#### [Description of the task]
Where the data below contains pictures, omit them; output the rest word for word.

BEGIN Given material

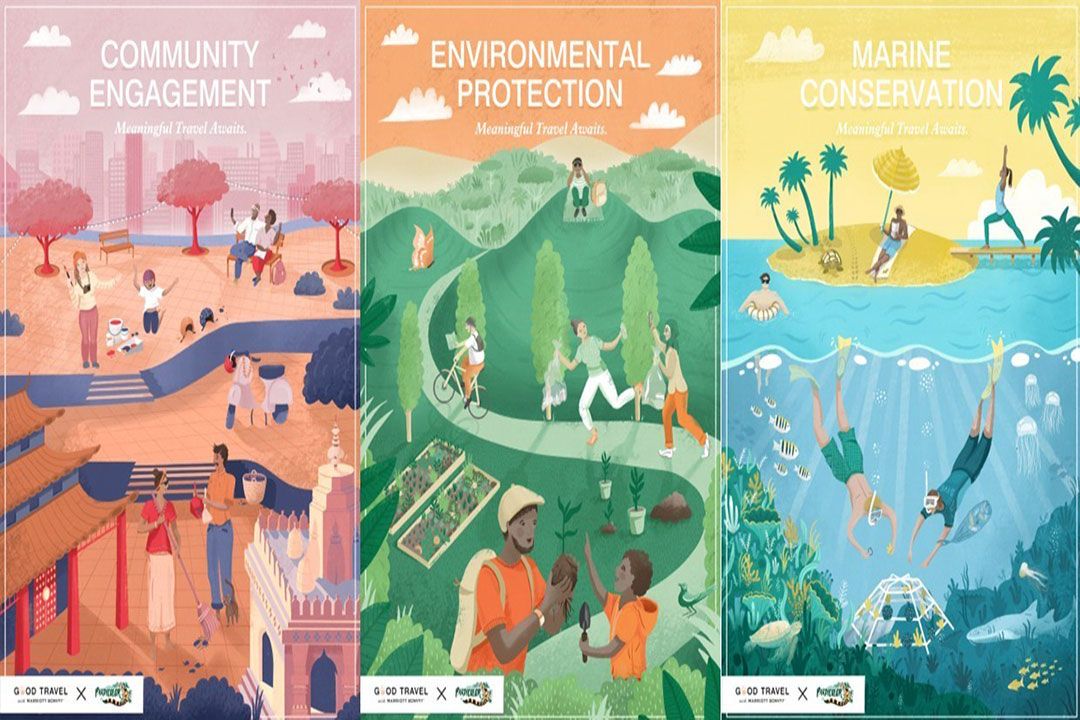 แคมเปญโปสการ์ด 'Good Travel with Marriott Bonvoy' เชิญชวนนักเดินทางร่วมส่งต่อข้อความเกี่ยวกับการเดินทางที่มีความหมายเพื่อสร้างผลกระทบเชิงบวก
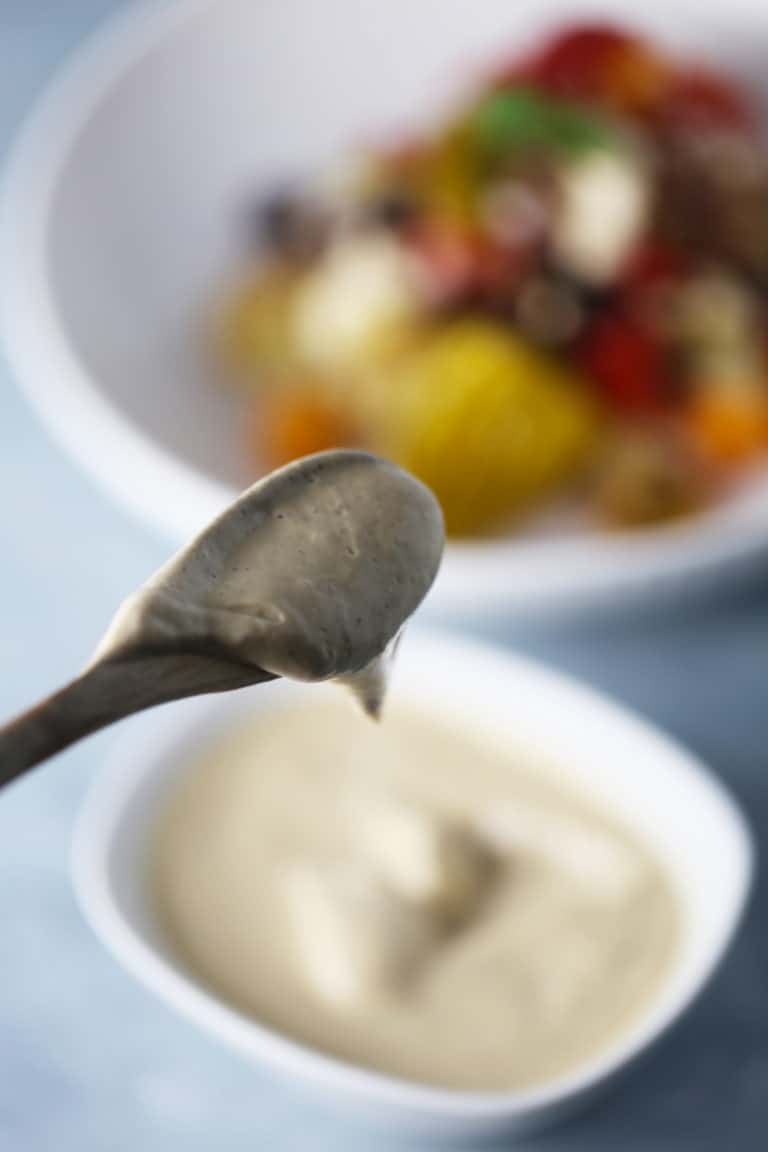 Vegan Creamy Greek Dressing One Bite Vegan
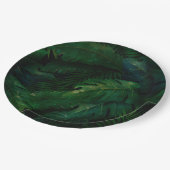 Assiettes En Carton Forêt tropicale tropicale feuillage vert (Angle)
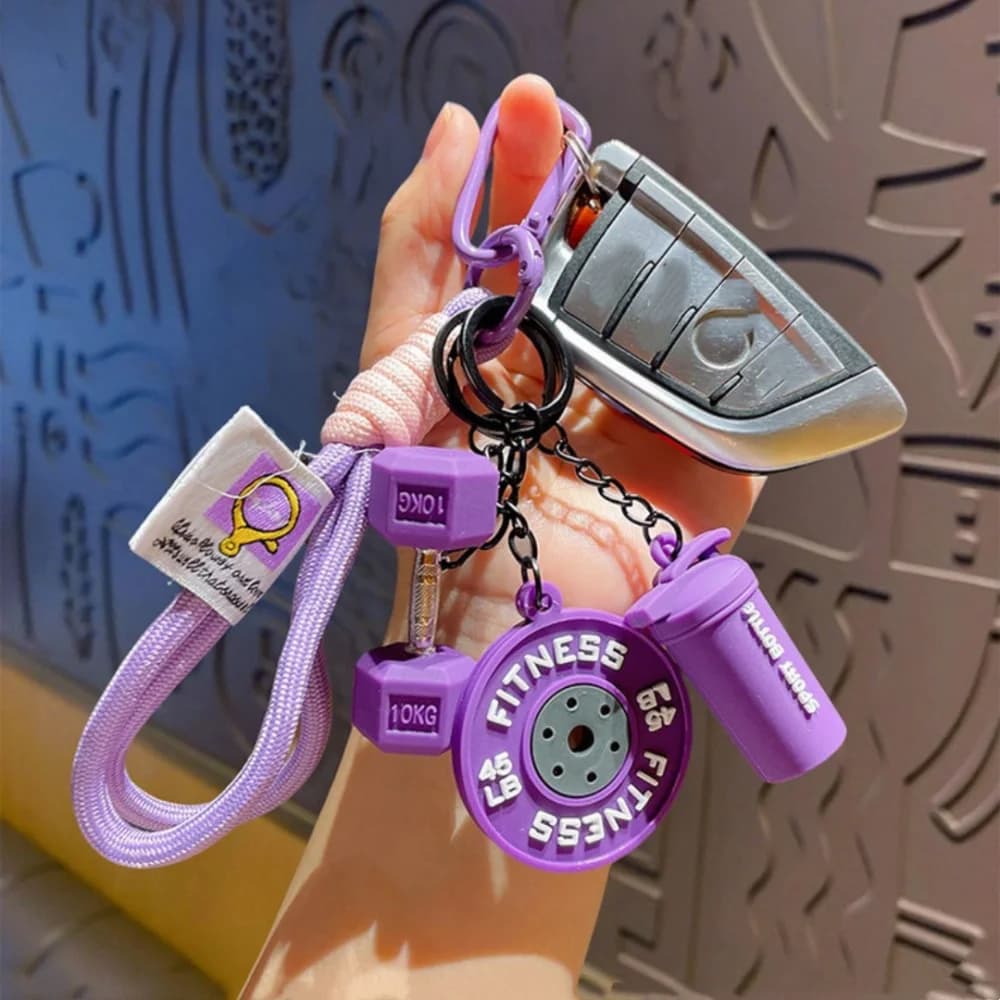 Sports Pendant Keyring Detachable Dumbbell Keychain Gym Bag Keychain Diy Fitness Keychain For Gifts For Sports Enthusiasts Key - 4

END Given material

#### [Answer for the task]
 แคมเปญโปสการ์ด 'Good Travel with Marriott Bonvoy' เชิญชวนนักเดินทางร่วมส่งต่อข้อความเกี่ยวกับการเดินทางที่มีความหมายเพื่อสร้างผลกระทบเชิงบวก
 Vegan Creamy Greek Dressing One Bite Vegan
 Assiettes En Carton Forêt tropicale tropicale feuillage vert (Angle)
 Sports Pendant Keyring Detachable Dumbbell Keychain Gym Bag Keychain Diy Fitness Keychain For Gifts For Sports Enthusiasts Key - 4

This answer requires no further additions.